In the opening line of William Blake’s poem Auguries of Innocence written in about 1803, “To see a world in a grain of sand”, and in the poetic words that follow, he made a prophetic judgement through a collection of conflicting circumstances of the fragile beauty and delicate balance in the natural world.
In a series of paradoxes, the poem sees how innocence and corruption can be intertwined. Today, humanity is facing the existential crisis of climate change, its very existence challenged. Could William Blake’s vision about a grain of sand come to the rescue?
Toward a sand battery
Sand is made of silicon dioxide (SiO2) which is comprised of two of the most abundant elements on Earth — and there is plenty of it. The estimated number of grains in all the deserts and beaches in the world is around seven quintillion, that’s 7⨯1018. With the weight of an average grain of 10 mg, this equates to around 70 gigatons. We also know it is a thermally very stable up to around 1000 °C, an excellent thermal insulator, and has a very high heat capacity.
Two young entrepreneurial Finnish engineers in their graduate thesis research studies realized that sand might just provide an ideal medium in which to safely store and retrieve vast amounts of energy in the form of high temperature heat.
The story goes that they were inspired by a classic quote from Canadian-born, world-renowned energy storage expert, Donald R. Sadoway, who is the John F. Elliott Professor of materials chemistry at the Massachusetts Institute of Technology (MIT), who said, “If you want to make something dirt-cheap, make it out of dirt. Preferably dirt that’s locally sourced.”
So, the vision of a “sand battery” was born, where for example electricity from solar or wind energy is stored in the form of heat, which can be recovered either as useable heat or converted back to electrical energy. The architecture of the sand battery is an arrangement of pipes embedded within the sand, which transports energy into and out of storage. Long-term containment of stored thermal energy with minimal heat losses for as long as months is ensured through appropriate insulation between the storage and environment. Scales of tens to thousands of cubic meters of heat storage capacity can be located underground making the system space-efficient and location-flexible.
A detailed COMSOL Multiphysics software-based 3D transient heat transport modeling study with real-world input and output data was used to validate and demonstrate their idea. The results confirmed the potential of the “sand battery” at low cost for a variety of renewable and non-renewable sources of electrical and heat energy, and its ability to provide stored thermal power on demand to small-scale distributed buildings and industries, as well as large-scale localized district heating systems.
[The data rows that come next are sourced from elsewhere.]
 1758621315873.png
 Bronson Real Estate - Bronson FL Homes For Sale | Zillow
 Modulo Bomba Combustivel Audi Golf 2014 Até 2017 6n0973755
Since then, the Finnish team has founded a spin-off company named, Polar Night Energy. The laboratory science was transformed into a laboratory prototype, and very recently, the application of the first commercial sand battery operating at the Vatajankoski power plant. It has 100 kW heating power and 8 MWh capacity and will deliver heat for Vatajankoski’s district heating network in Kankaanpää, Finland.
In addition, a 3 MWh test pilot is connected to a local district heating grid in Hiedanranta, Tampere, to provide heat for a few buildings, the objective being to test, validate, and optimize the heat storage system, where notably the sourced energy is obtained partly from a 100-square-meter solar panel array and partly from the electric grid.
The “sand battery” has been touted as a “dirt cheap” large-scale low-emission energy storage technology. Perfect for a country like Finland with 24/7 cold and dark days for half the year, keeping houses and cottages cosey, apartment buildings toasty, industries functioning, and cities energized.
The performance metrics of this high-temperature, large-scale heat storage system is truly impressive. The operating temperatures are in the range of 600–1000 °C, and the reported power up to 100 MW, capacity up to 20 GWh, efficiency as high as 99%, cycle times from hours to months, and life span of tens of years. The investment cost is less than 10 euros per kWh of storage capacity, health and safety advantages of no poisonous or hazardous materials, and minimal emissions, and minimal operating costs, with no consumables, and furthermore, it is fully automated.
Together these attributes endow this innovative thermal energy storage system with specific advantages, tailored to the requirements of a variety of green energy companies, industries, homes, and buildings.